When auditors acknowledge the dismissal, they have strong incentives to perform thorough and conservative audit procedures to minimize the potential litigation and regulatory risks in the future. For example, income-increasing discretionary accounting choices can lead to future litigations from investors (St. Pierre and Andersen 1984) and, as a result, the discretionary accruals at year t-1 (i.e., the last year with the incumbent auditor) is expected to be negative.
In addition, Kwon and Kim (2010) and Sohn and Kim (2005) document that the discretionary accruals are also negative in year t-2. However, we expect the discretionary accruals in year t-2 to be less negative than those in year t-1 because the auditor will be dismissed in year t-1 if the auditor enforces conservative accounting choices (i.e., income-decreasing accruals) in year t-2 (i.e., two year before the auditor dismissal) and auditors try to lower discretionary accruals in year t-1 intentionally to minimize future risks. This last point is a unique prediction in this study. In addition, this study investigates how the enforcement of mandatory auditor rotation policy in Korea from 2006 to 2009 influences this relation between the conservative audit approach and auditor change.
This study empirically examines these predictions using data collected over the period from 2002 to 2012. Among a total of 8,423 firm-year observations, 1,486 observations are the samples that experience auditor changes at the current year, while the remaining 6,937 observations do not experience the auditor change. To measure the level of conservative accounting treatments, we use performance-adjusted discretionary accruals measured by Kothari et al.’s (2005) method. The negative discretionary accruals proxies for the magnitude of conservative accounting treatments.
The empirical findings support our predictions. The level of discretionary accruals is significantly negative in year t-1. The slightly different results from those in Sohn and Kim (2005) appears to be their failure to address measurement errors in the estimation of discretionary accruals. In addition, we find that this phenomenon does not exist during the 2006-2009 period for the firms that were required to switch auditors after 6 years of continuous auditor tenure.

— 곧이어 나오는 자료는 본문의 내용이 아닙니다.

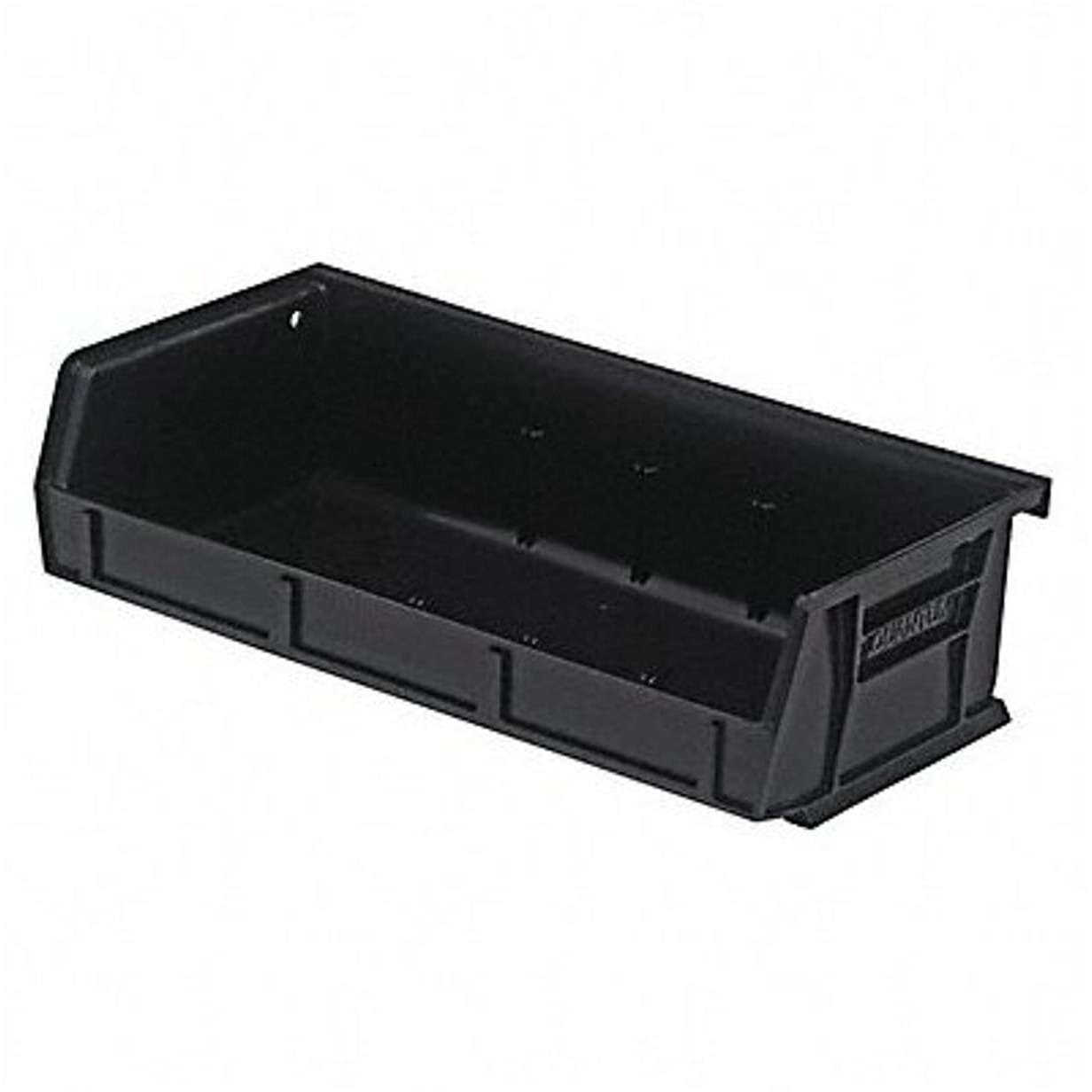 Bin, stacking or hanging, 11W x 5-3/8D x 3H, front/back/side grips, anti-slide lock, (3) divider slot, rear hanger, molded-in label holder, polypropylene, black, Made in USA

These findings provide various interesting information to regulators, practitioners, and academics. Although Korea introduced three-year mandatory auditor retention and six-year mandatory auditor rotation policies to promote auditor independence and to improve audit quality, the effect of these regulations is still in debate. High auditor independence and high audit quality are difficult to achieve. One possible way to resolve this issue could be the enhancement of the role of independent audit committee.